Title:
Battling Demons in
Peer Review
Abstract:
Peer review is the
backbone of scholarly research. It is however faced with a number of challenges
(or "demons") such as subjectivity, bias/miscalibration,
noise, and strategic behavior. The growing number of submissions in many areas
of research such as machine learning has significantly increased the scale of
these demons. This talk will present some principled and practical
approaches to battle these demons in peer review:
(1) Subjectivity: How
to ensure that all papers are judged by the same yardstick?

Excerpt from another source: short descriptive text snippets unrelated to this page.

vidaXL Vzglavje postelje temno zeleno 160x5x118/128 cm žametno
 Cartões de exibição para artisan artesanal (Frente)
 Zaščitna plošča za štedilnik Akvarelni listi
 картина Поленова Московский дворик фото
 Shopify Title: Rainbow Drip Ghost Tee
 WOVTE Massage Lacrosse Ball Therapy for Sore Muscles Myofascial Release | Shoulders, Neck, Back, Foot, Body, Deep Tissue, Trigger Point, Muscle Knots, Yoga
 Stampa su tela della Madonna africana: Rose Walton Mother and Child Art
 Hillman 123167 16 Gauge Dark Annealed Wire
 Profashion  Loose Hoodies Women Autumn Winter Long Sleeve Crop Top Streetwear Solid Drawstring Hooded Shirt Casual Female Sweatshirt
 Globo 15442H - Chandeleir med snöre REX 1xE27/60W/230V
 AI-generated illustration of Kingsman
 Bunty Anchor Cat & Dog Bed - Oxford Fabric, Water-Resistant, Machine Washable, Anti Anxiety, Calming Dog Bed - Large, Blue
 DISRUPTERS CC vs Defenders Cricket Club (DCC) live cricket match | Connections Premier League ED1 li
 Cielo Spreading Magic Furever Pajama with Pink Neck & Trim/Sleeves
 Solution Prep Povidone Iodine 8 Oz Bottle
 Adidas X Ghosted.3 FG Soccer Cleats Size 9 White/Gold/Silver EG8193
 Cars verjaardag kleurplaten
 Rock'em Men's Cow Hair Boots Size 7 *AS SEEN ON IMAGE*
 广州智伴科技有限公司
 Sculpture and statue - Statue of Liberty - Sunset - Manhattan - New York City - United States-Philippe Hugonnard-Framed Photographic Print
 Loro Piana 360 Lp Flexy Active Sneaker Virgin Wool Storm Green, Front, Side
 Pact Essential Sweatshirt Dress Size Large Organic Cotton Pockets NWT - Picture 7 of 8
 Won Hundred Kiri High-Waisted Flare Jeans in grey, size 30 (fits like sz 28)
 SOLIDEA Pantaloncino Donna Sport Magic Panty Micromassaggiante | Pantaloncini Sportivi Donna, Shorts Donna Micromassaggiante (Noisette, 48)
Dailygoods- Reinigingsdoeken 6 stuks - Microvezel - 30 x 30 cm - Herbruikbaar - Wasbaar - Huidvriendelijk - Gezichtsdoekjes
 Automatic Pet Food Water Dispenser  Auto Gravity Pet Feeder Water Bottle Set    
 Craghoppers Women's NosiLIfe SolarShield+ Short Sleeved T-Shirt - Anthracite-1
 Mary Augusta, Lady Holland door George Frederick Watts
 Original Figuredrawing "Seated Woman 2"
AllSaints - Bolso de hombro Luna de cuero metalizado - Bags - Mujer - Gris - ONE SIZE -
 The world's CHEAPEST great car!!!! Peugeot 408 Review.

(2) Bias/miscalibration: How to use ratings in presence of arbitrary
or adversarial miscalibration?
(3) Noise: How to
assign reviewers to papers to simultaneously ensure fair and accurate
evaluations in the presence of review noise?
(4) Strategic
behavior: How to insulate peer review from strategic behavior of
author-reviewers?
The work uses tools
from statistics and learning theory, social choice theory, information
theory, game theory and decision theory. (No prior knowledge on these topics
will be assumed.)
Speaker bio:
Nihar B. Shah is
an Assistant Professor in the Machine Learning and Computer
Science departments at CMU. He is a recipient of the the
2017 David J. Sakrison memorial prize from EECS
Berkeley for a "truly outstanding and innovative PhD thesis", the
Microsoft Research PhD Fellowship 2014-16, the Berkeley Fellowship 2011-13, the
IEEE Data Storage Best Paper and Best Student Paper Awards for the years
2011/2012, and the SVC Aiya Medal 2010. His research
interests include statistics, machine learning, information theory, and
game theory, with a current focus on applications to learningfrom people.